T.R | Title | User | Personal Name | Date | Lines |
---|
236.1 | | TLE::BRETT | | Mon Jun 12 1989 20:07 | 11 |
| The only one that is at all well set up for this kind of reuse is the
VCG, used by C, PLI, Ada, and SCAN.
I forget who the current project leader is, TLE::CRAIG was until a
couple of weeks ago.
/Bevin
ps: Generating .OBJ files directly is REALLY EASY. Unless you really
want a COMPILER (optimiser etc.) it is easier to go straight to the
.OBJ file
|
236.2 | | AITG::VANROGGEN | | Mon Jun 12 1989 22:10 | 4 |
| Although it isn't exceedingly difficult, generating VMS object
files really isn't all *that* easy. Certainly I can think of
other operating systems where that chore is easier, albeit more
limited.
|
236.3 | | TOKLAS::FELDMAN | PDS, our next success | Mon Jun 12 1989 23:35 | 6 |
| Of course, there's always the simple, college compiler course approach,
which would be to generate .MAR files and run them through the VMS
assembler.

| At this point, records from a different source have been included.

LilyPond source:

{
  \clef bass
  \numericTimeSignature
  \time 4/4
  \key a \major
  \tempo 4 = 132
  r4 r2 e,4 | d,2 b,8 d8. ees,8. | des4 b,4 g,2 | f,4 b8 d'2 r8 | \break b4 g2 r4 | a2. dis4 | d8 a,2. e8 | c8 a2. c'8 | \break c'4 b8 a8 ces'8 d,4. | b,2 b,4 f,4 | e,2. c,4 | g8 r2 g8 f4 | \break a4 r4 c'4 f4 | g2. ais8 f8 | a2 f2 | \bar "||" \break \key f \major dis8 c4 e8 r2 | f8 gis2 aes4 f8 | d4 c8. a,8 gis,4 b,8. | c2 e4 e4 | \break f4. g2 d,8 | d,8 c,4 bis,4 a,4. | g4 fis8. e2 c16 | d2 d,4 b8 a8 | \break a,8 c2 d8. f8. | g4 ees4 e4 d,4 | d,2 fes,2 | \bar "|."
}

Depending on the application, this might be a perfectly
acceptable solution.
Gary
|
236.4 | It isn't the college compiler problem | RICKS::MILLS | | Wed Jun 14 1989 11:08 | 6 |
| I'm using a gross short cut now; it's not really the same college
compiler problem. I wrote macros in macro-32 for
the "new" coprocessor instructions that generate .LONGs, .WORDS etc.

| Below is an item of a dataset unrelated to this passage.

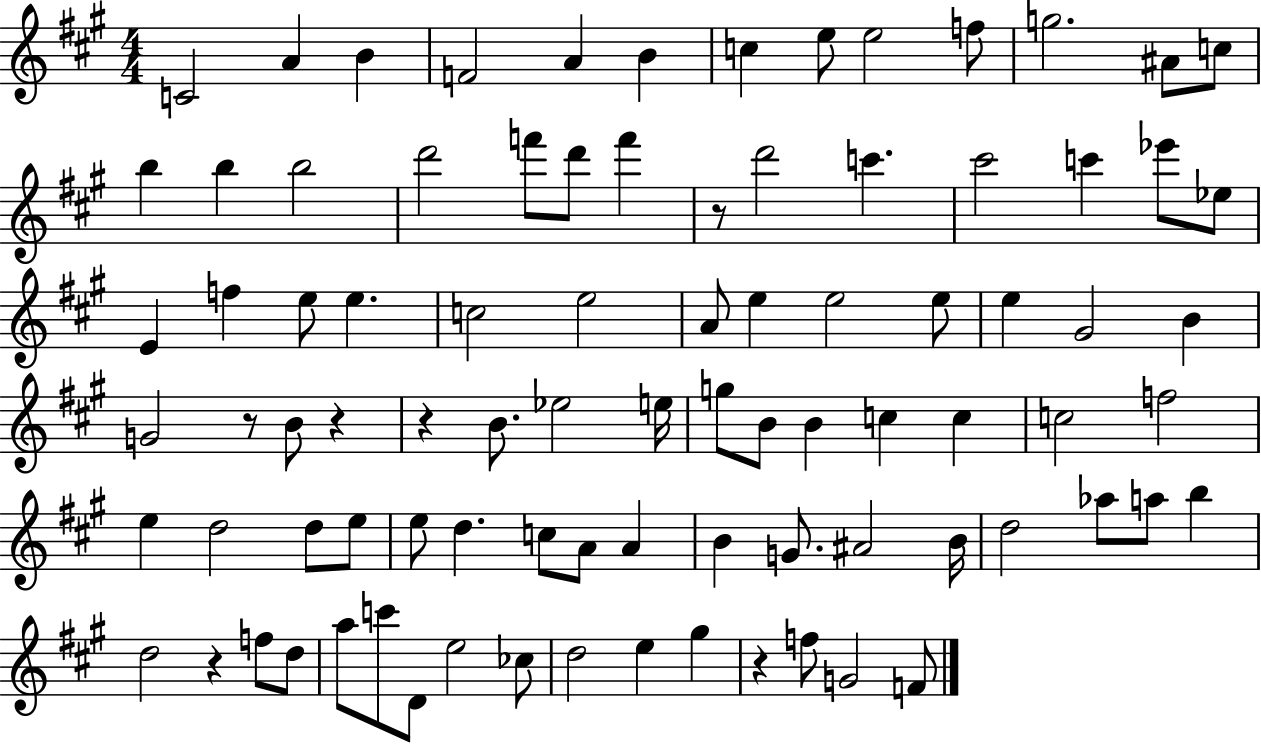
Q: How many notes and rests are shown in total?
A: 88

into the reserved PSECT (which gets sent to the coprocessor) and
it works ok but calling the macros is very akward syntax (i.e.

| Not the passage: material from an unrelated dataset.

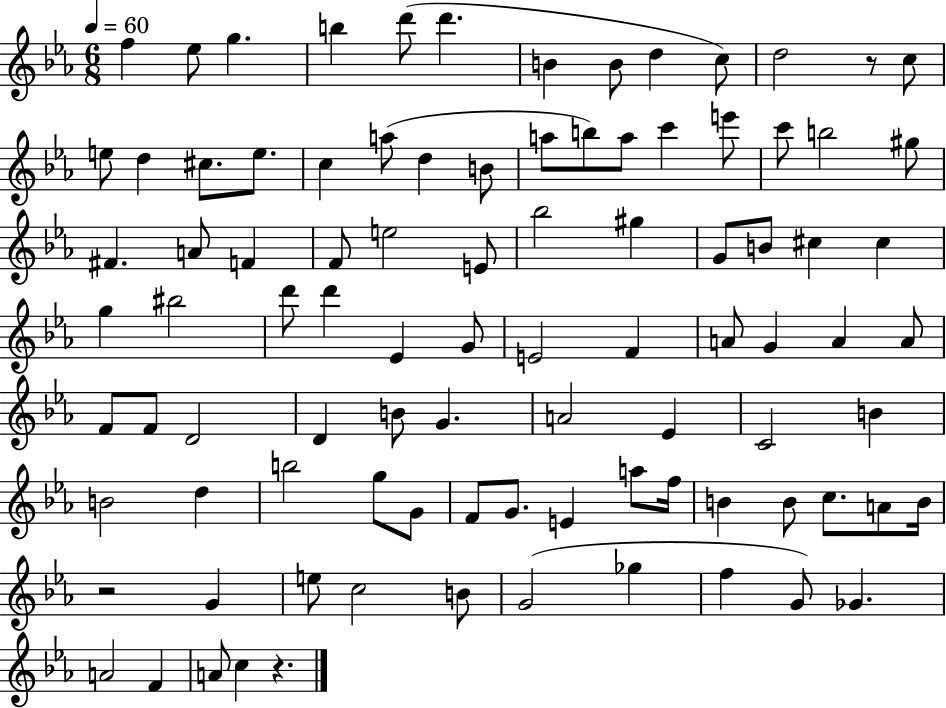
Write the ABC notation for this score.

no special characters such as [],(),@ etc. can be used).
|
236.5 | Do it by hand? | JAMMER::JACK | Marty Jack | Wed Jun 14 1989 11:36 | 5 |
| I agree with Bevin (.1) -- it isn't that much work to generate a .OBJ
directly, especially if it can be arranged to have only immediate text,
which it sounds like it might. That's as compared to the work involved
in understanding how to use a relatively complex back end like VCG for
a relatively simple problem.
|
236.6 | .MAR->.OBJ is pretty easy | HACKIN::MACKIN | Jim Mackin, Aerospace Engineering | Sat Jun 17 1989 12:16 | 10 |
| Well, as someone who worked on a product (a compiler) where, insofar as
I know, the only doc we had about the layout of .OBJ files was from the
VAX/VMS Linker Manual, I don't agree that creating .OBJ files is all
that easy. If the doc were a bit more expansive and clear, then it
wouldn't be too hard.
When I had to create a .OBJ file that could be linked and only had
about a week to do it, I took the hack approach: generate a .MAR file
and invoke MACRO-32 to do the actual compile. It worked, albeit
slowly, and was written pretty quickly.
|
236.7 | | TLE::BRETT | | Mon Jun 19 1989 15:23 | 13 |
| Well, I did it when I was at university in Australia, using only
the VAX/VMS Linker Manual and the ANALYSE/OBJECT command, and did
an super-subset of Pascal without any serious problems.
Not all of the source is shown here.